Most organizations evaluate leadership potential through two lenses: talent and work ethic.
So, they promote accordingly — and then they develop almost exclusively around the skills and tools they hope will unlock that same talent at the management level.
It’s a reasonable approach. It’s also why so many promotions quietly fall apart.
Because it overlooks something fundamental. Something human.
The promotion doesn’t just change a title. It changes the rules entirely. And almost nobody tells the new supervisor that’s coming.
The Most Predictable Moment Nobody Prepares For
Here’s what the first 90 days of a new leadership role actually looks like — not on the org chart, but from the inside.
The person who just got promoted was exceptional. They knew the work, they owned it, they were the one others came to when something needed to get done right. That competence was their professional identity. It’s what made them valuable. It’s what earned them the promotion.
Then overnight, the job changed completely. They’re now responsible for other people’s performance, not just their own. They’re navigating conversations they’ve never had to have, making decisions they’ve never faced, managing dynamics they were never trained for.
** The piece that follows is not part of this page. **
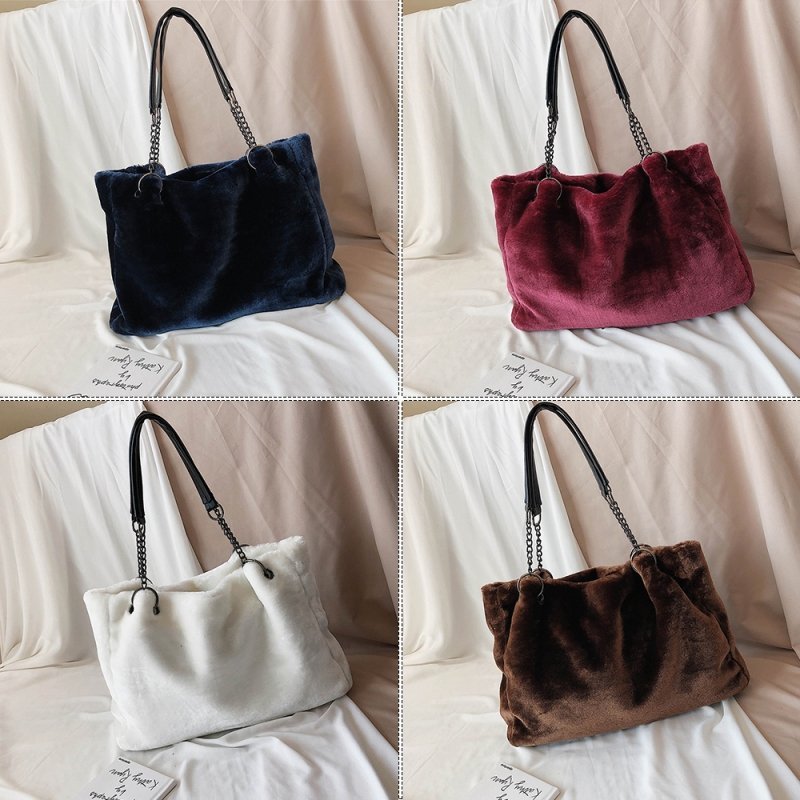 Casual Solid Color Large Capacity Plush Shoulder Bag | SandyKandy Limited Co
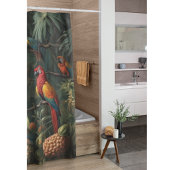 Botanische Papageienlandschaft und Ananas Duschvorhang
And somewhere underneath all of it, a quiet question forms that almost never gets said out loud: Am I actually capable of this?
This is the most predictable moment in any new leader’s career. And most organizations walk right past it.
Three Challenges, One Identity Crisis
What new supervisors experience in those first 90 days isn’t random. It has three distinct faces. And until you can name them, you can’t address them.
The Competence Crisis
Every new supervisor’s professional identity was built on being exceptional at the individual job. That’s the foundation — the source of their confidence, their credibility, their sense of value. The promotion doesn’t build on that foundation. It replaces it.
Suddenly they’re responsible for outcomes they can’t control directly. The hard conversations, the underperforming team member, the competing priorities, the expectations from above — none of it maps to what made them successful before. So they do the only thing they know: work harder. Put in more hours. Push through it.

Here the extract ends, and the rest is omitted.